“History,” Winston Churchill said, “will be kind to me, for I intend to write it myself.” He needn’t have bothered. He was one of the great mass murderers of the 20th century, yet is the only one, unlike Hitler and Stalin, to have escaped historical odium in the West.
By Shashi Tharoor, March 13, 2018, Portside.
“History,” Winston Churchill said, “will be kind to me, for I intend to write it myself.” He needn’t have bothered. He was one of the great mass murderers of the 20th century, yet is the only one, unlike Hitler and Stalin, to have escaped historical odium in the West. He has been crowned with a Nobel Prize (for literature, no less), and now, an actor portraying him (Gary Oldman) has been awarded an Oscar.
As Hollywood confirms, Churchill’s reputation (as what Harold Evans has called “the British Lionheart on the ramparts of civilization”) rests almost entirely on his stirring rhetoric and his talent for a fine phrase during World War II. “We shall not flag nor fail. We shall go on to the end. … We shall fight on the beaches, we shall fight on the landing grounds, we shall fight in the fields and in the streets. … We shall never surrender.” (The revisionist British historian John Charmley dismissed this as “sublime nonsense.”)
Words, in the end, are all that Churchill admirers can point to. His actions are another matter altogether.
During World War II, Churchill declared himself in favor of “terror bombing.” He wrote that he wanted “absolutely devastating, exterminating attacks by very heavy bombers.” Horrors such as the firebombing of Dresden were the result.
In the fight for Irish independence, Churchill, in his capacity as secretary of state for war and air, was one of the few British officials in favor of bombing Irish protesters, suggesting in 1920 that airplanes should use “machine-gun fire or bombs” to scatter them.
Dealing with unrest in Mesopotamia in 1921, as secretary of state for the colonies, Churchill acted as a war criminal: “I am strongly in favour of using poisoned gas against the uncivilised tribes; it would spread a lively terror.” He ordered large-scale bombing of Mesopotamia, with an entire village wiped out in 45 minutes.
In Afghanistan, Churchill declared that the Pashtuns “needed to recognise the superiority of [the British] race” and that “all who resist will be killed without quarter.” He wrote: “We proceeded systematically, village by village, and we destroyed the houses, filled up the wells, blew down the towers, cut down the great shady trees, burned the crops and broke the reservoirs in punitive devastation. … Every tribesman caught was speared or cut down at once.”

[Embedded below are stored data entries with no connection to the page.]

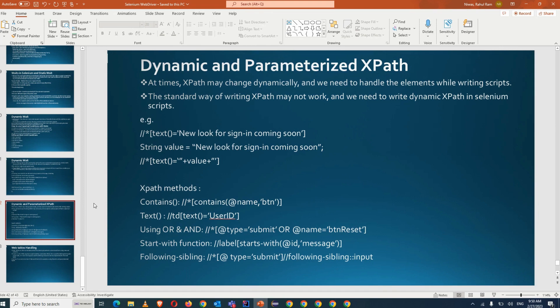Dynamic or parameterized XPath is important for us, especially if you're working with functional automation testing. Even though we have already seen what the different locators are, I just want to explain some concepts that will be useful for us.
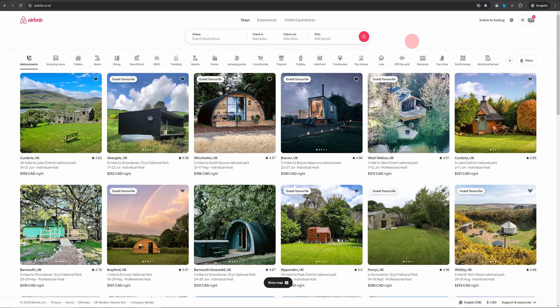Once you're logged into Airbnb, go to the top right section where you will see switch to hosting. Click on that.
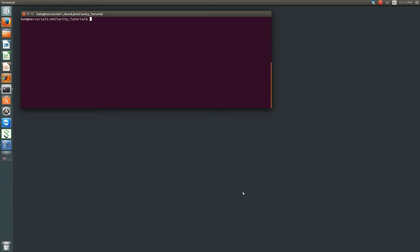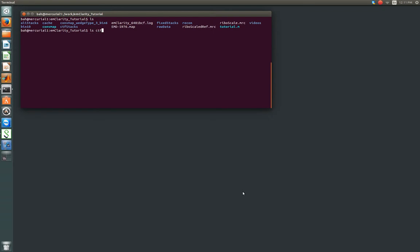Alright, so we've now finished the CTF correction, which we see the results show up in this directory called CTF Stacks. And again, I only ran it for Tilt Series 1, you'll have Tilt 1 and Tilt 2. And you notice in addition to the Li1, we now have a CTF tossed in there before the dot fixed.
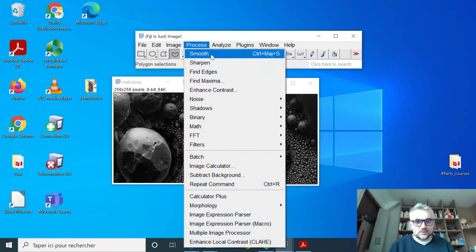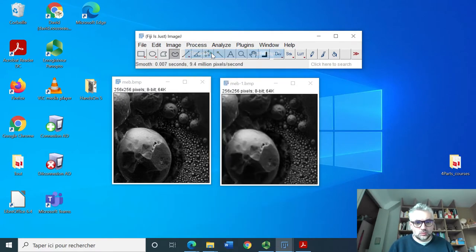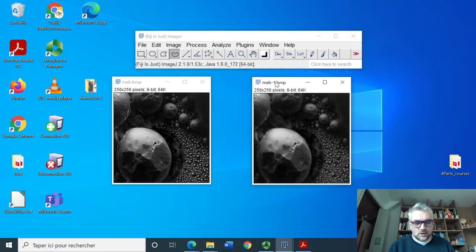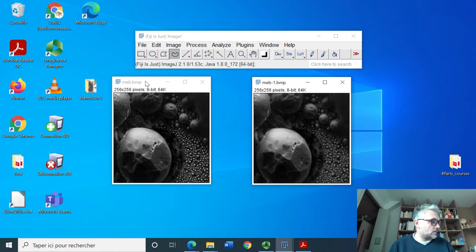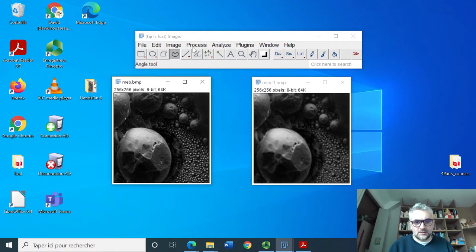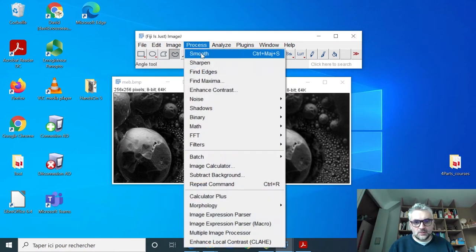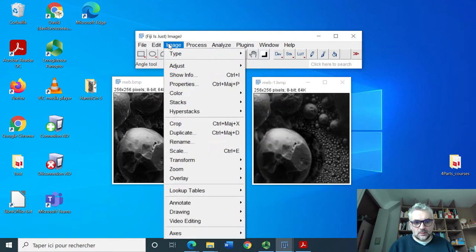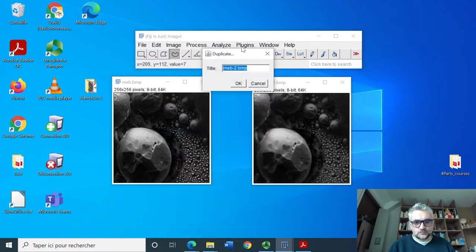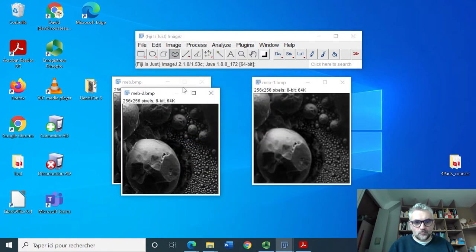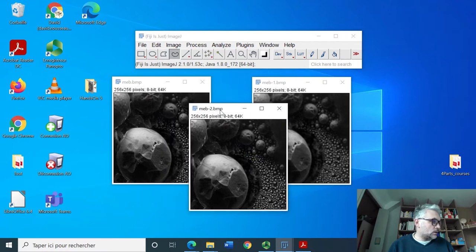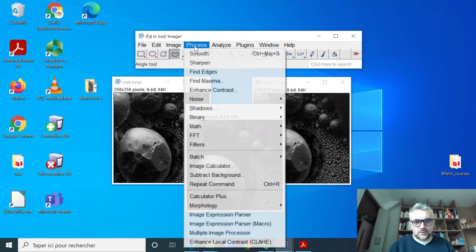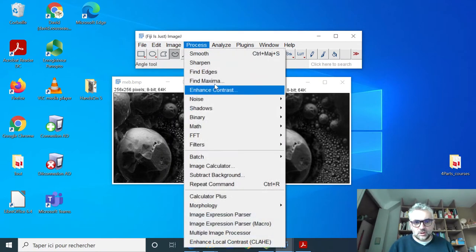We'll process smooth this image, then duplicate again this image and we are asked to process sharpen.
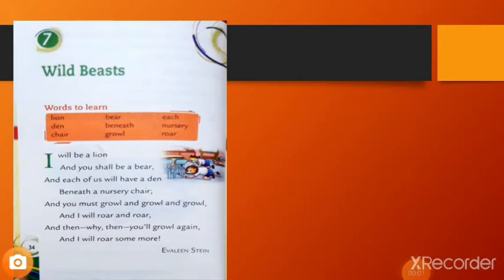Written by Evalon Stein. Read the poem again children. I will be a lion and you shall be a bear, and each of us will have a den beneath the nursery chair. And you must growl and growl and growl, and I will roar and roar. And then why? Then you will growl again and I will roar some more. Evalon Stein. So children,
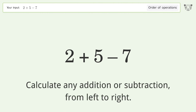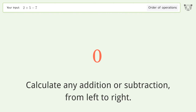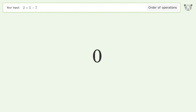Calculate any addition or subtraction from left to right: two plus five equals seven. Seven minus seven equals zero, and so the final result is zero.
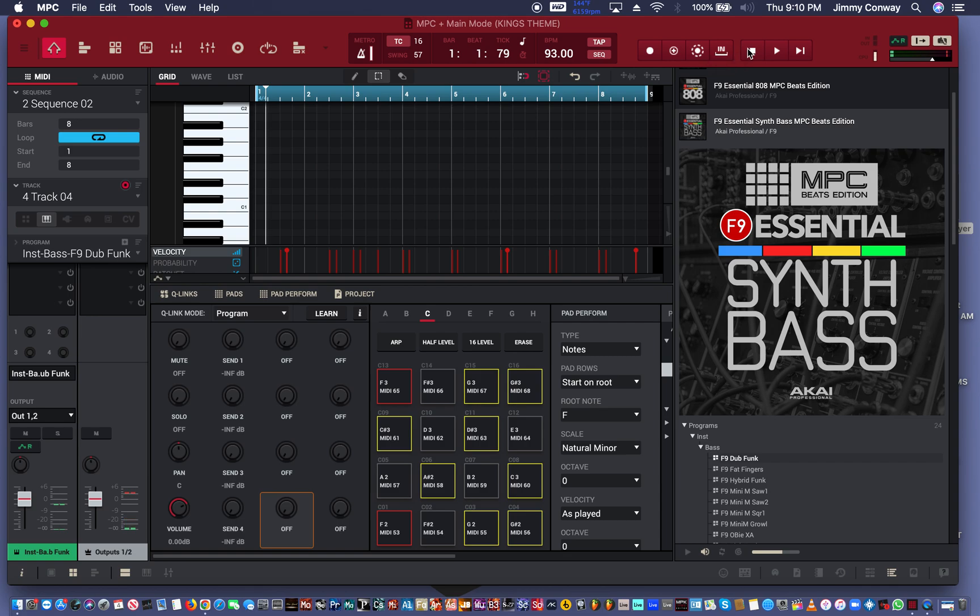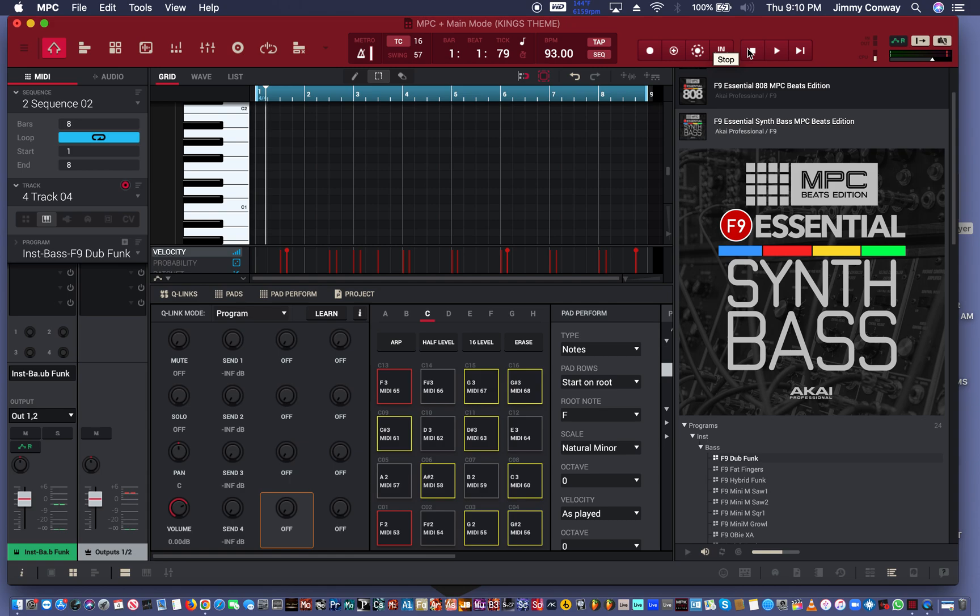So yeah, this is how I begin my process of making a boom bap beat inside the MPC software. Sorry, my software is crackling down on me. My computer is a little bit slower than probably yours. You probably have a 2020 something, I'm still running in the early 2010s.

But the principal victims of Winston Churchill were the Indians — “a beastly people with a beastly religion,” as he charmingly called them. He wanted to use chemical weapons in India but was shot down by his cabinet colleagues, whom he criticized for their “squeamishness,” declaring that “the objections of the India Office to the use of gas against natives are unreasonable.”
Churchill’s beatification as an apostle of freedom seems all the more preposterous given his 1941 declaration that the Atlantic Charter’s principles would not apply to India and the colored colonies. He refused to see people of color as entitled to the same rights as himself. “Gandhi-ism and all it stands for,” he declared, “will, sooner or later, have to be grappled with and finally crushed.”
Thanks to Churchill, some 4 million Bengalis starved to death in a 1943 famine. Churchill ordered the diversion of food from starving Indian civilians to well-supplied British soldiers and even to top up European stockpiles in Greece and elsewhere. When reminded of the suffering of his Indian victims, his response was that the famine was their own fault, he said, for “breeding like rabbits.”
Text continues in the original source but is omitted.